California parents put an enormous amount of thought and consideration when making decisions that will affect their children. Because of this, many divorcing parents spend a significant amount of time weighing the benefits of divorce before actually filing. One of the biggest topics parents tend to consider is that of child custody. Despite being used as a catchall term in popular media, there are several distinct forms of custody.
Legal custody gives parents the legal authority to make important decisions on the child’s behalf. This includes decisions about education, health and medical treatment, religious instruction and the child’s general upbringing. While it is possible for a family court to award legal custody to only one parent, legal custody is often awarded to both parents.

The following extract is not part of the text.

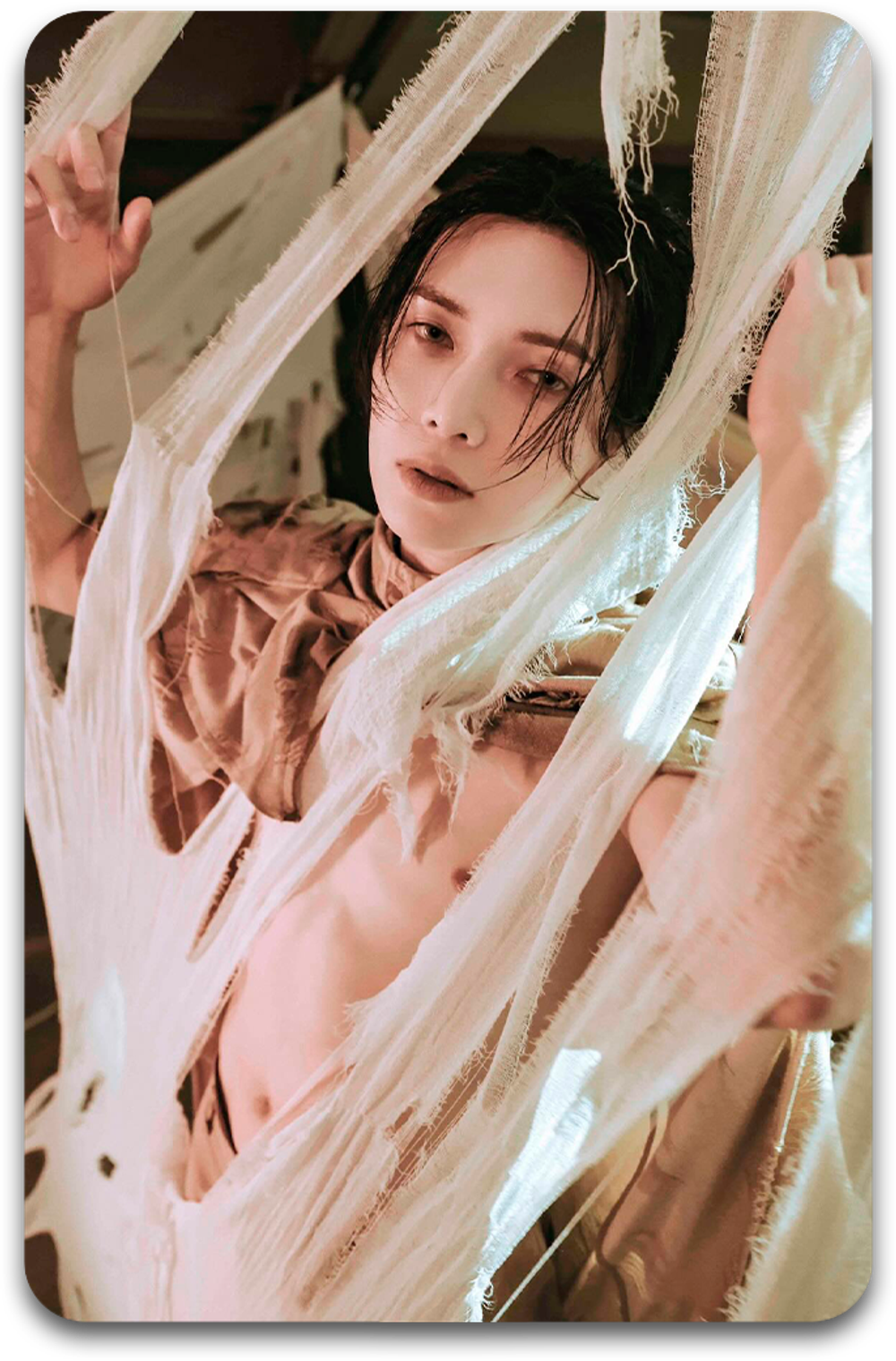 Карта / ATEEZ #1790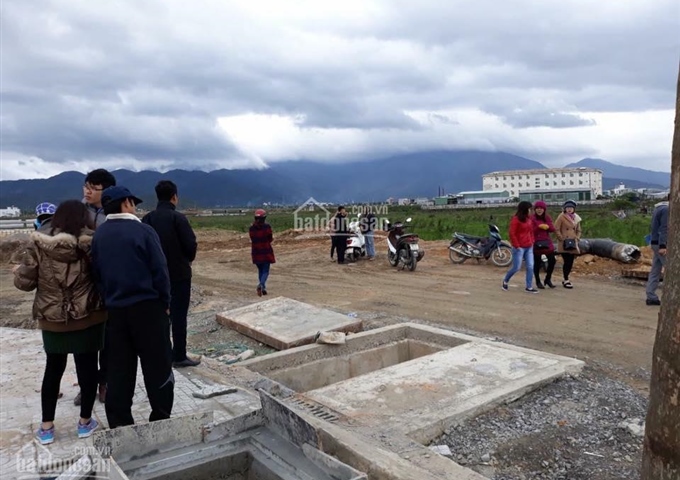 Mở bán giai đoạn 2 dự án DRAGON SMART CITY đẹp nhất Đà Nẵng, giá gốc chủ đầu tư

This means that after a divorce both parents can continue to make important decisions regarding their children’s lives.
Physical custody is different than legal custody and refers to which parent the child will live with. This form of child custody can be applied in a few different configurations. A parent might be awarded primary physical custody while their ex is given limited custody rights or visitation. Joint physical custody is also a possibility in which a child lives with both parents for roughly equal amounts of time, but this is generally only possible when divorced parents still live relatively close to one another.
Physical and legal custody are separate from one another, so it might be the case that parents share legal custody while one parent has primary physical custody. It is also important for parents in California to remember that their child custody orders are not set in stone once the divorce is finalized. If a child or parent’s situation changes, then it is usually possible to modify the existing custody order to better suit one’s needs and the child’s best interests.